» **Directions for this task**: Return only the lines of the listing below that run from the line with "City Romance Beton: fekete" through the line with "Large vintage Scandinavian", both ends included, exactly as written.

» **Supplied material**:
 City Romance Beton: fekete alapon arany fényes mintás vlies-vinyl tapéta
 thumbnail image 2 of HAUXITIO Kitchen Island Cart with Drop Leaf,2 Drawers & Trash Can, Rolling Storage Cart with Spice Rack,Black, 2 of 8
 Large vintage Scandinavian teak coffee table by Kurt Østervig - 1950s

---

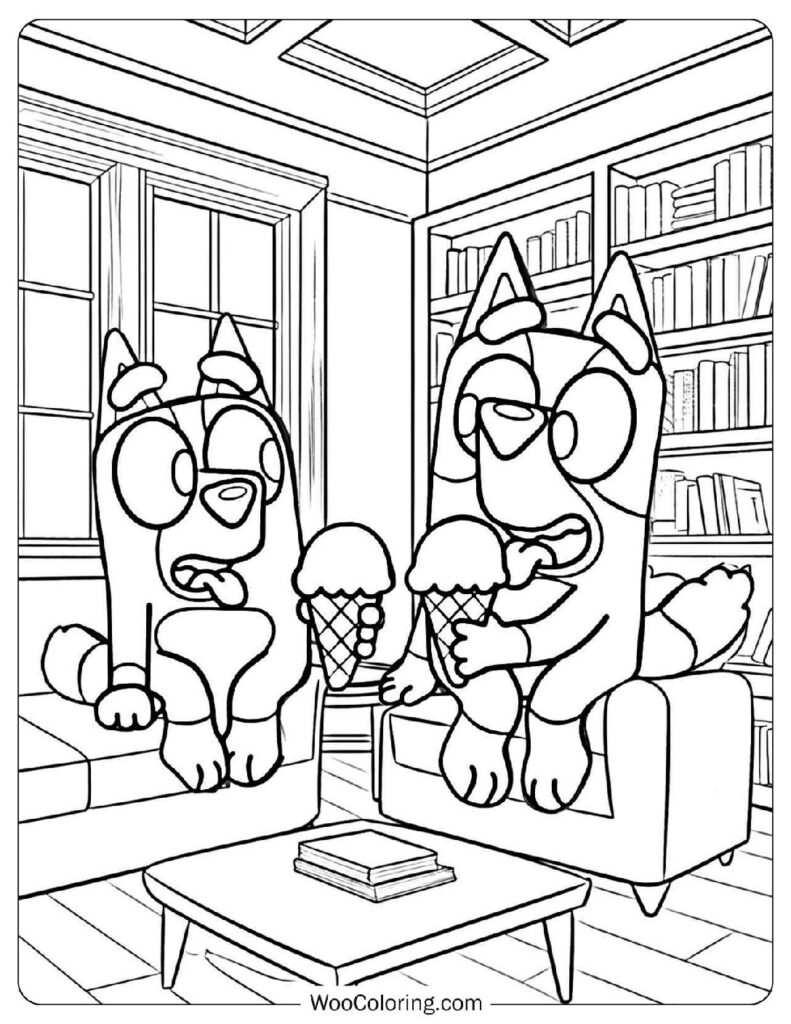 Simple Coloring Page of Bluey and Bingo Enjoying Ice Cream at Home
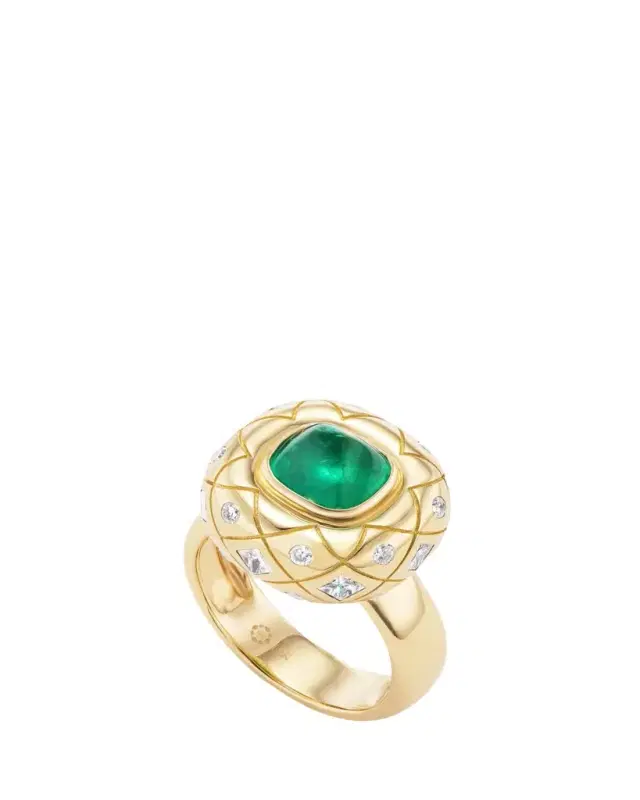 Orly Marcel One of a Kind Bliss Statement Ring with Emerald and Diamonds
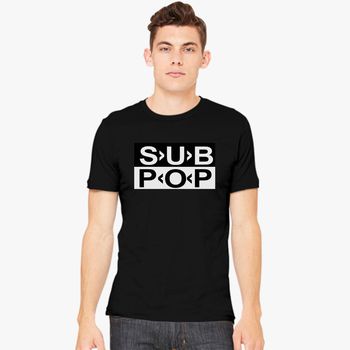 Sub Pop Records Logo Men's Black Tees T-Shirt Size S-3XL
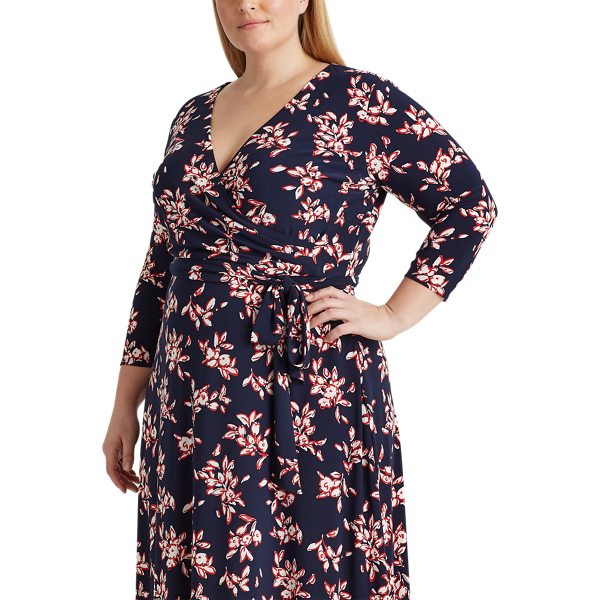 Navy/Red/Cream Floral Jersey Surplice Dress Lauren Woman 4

...

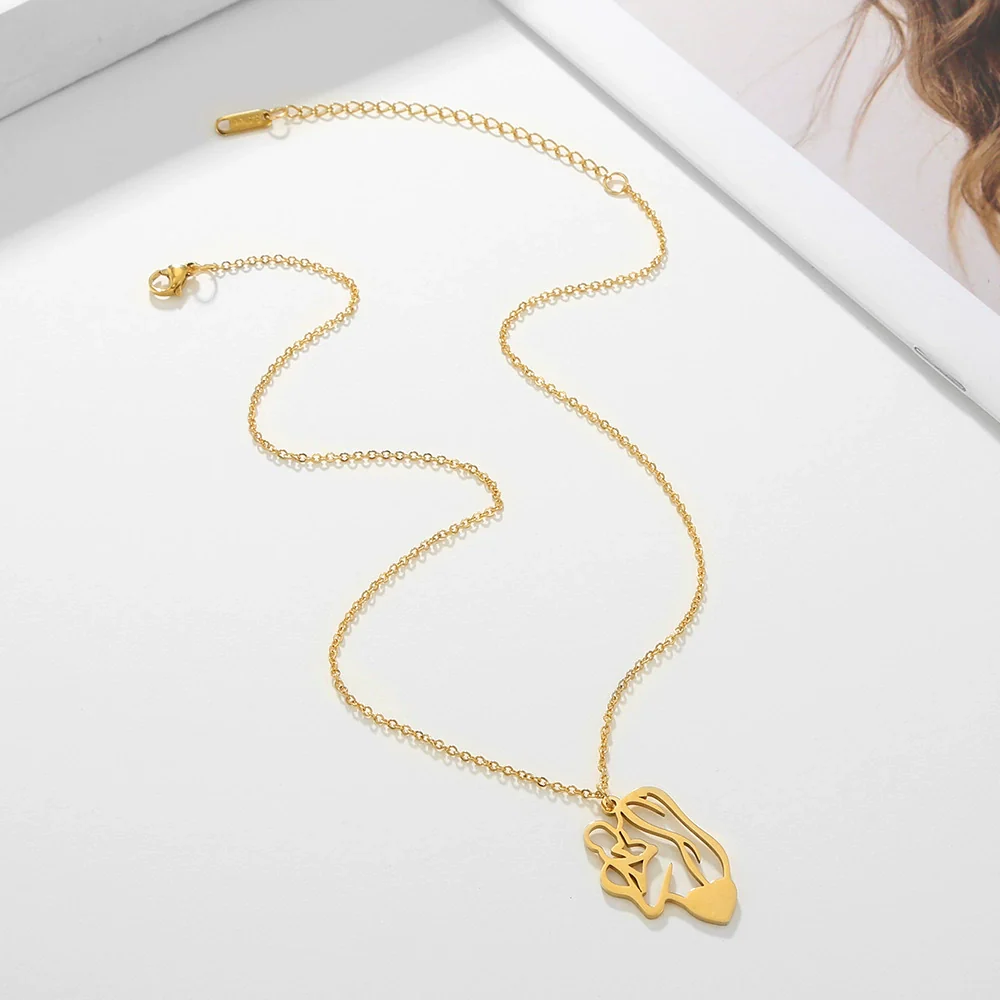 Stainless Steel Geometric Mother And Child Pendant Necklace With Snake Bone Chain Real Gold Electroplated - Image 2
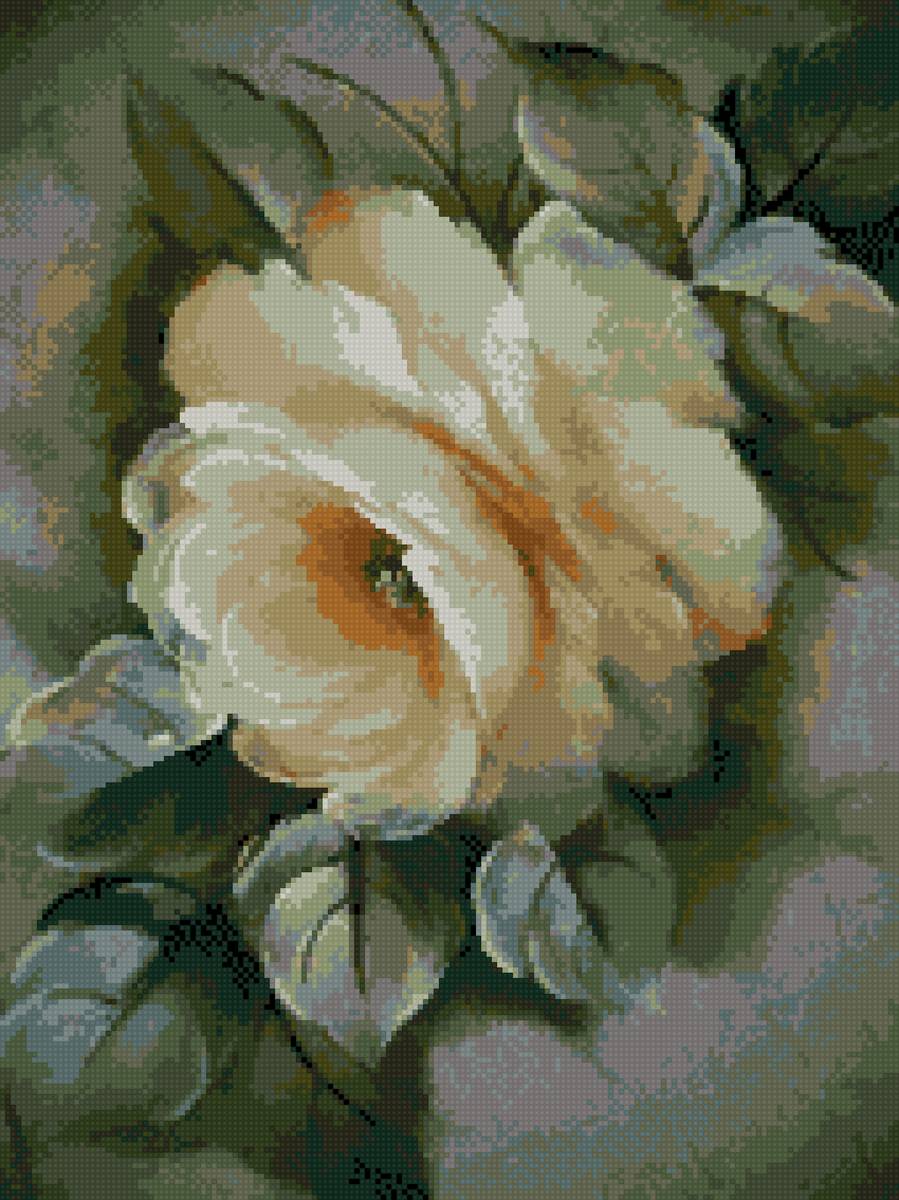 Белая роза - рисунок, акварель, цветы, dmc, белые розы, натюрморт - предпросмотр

» **Answer space**:
 City Romance Beton: fekete alapon arany fényes mintás vlies-vinyl tapéta
 thumbnail image 2 of HAUXITIO Kitchen Island Cart with Drop Leaf,2 Drawers & Trash Can, Rolling Storage Cart with Spice Rack,Black, 2 of 8
 Large vintage Scandinavian teak coffee table by Kurt Østervig - 1950s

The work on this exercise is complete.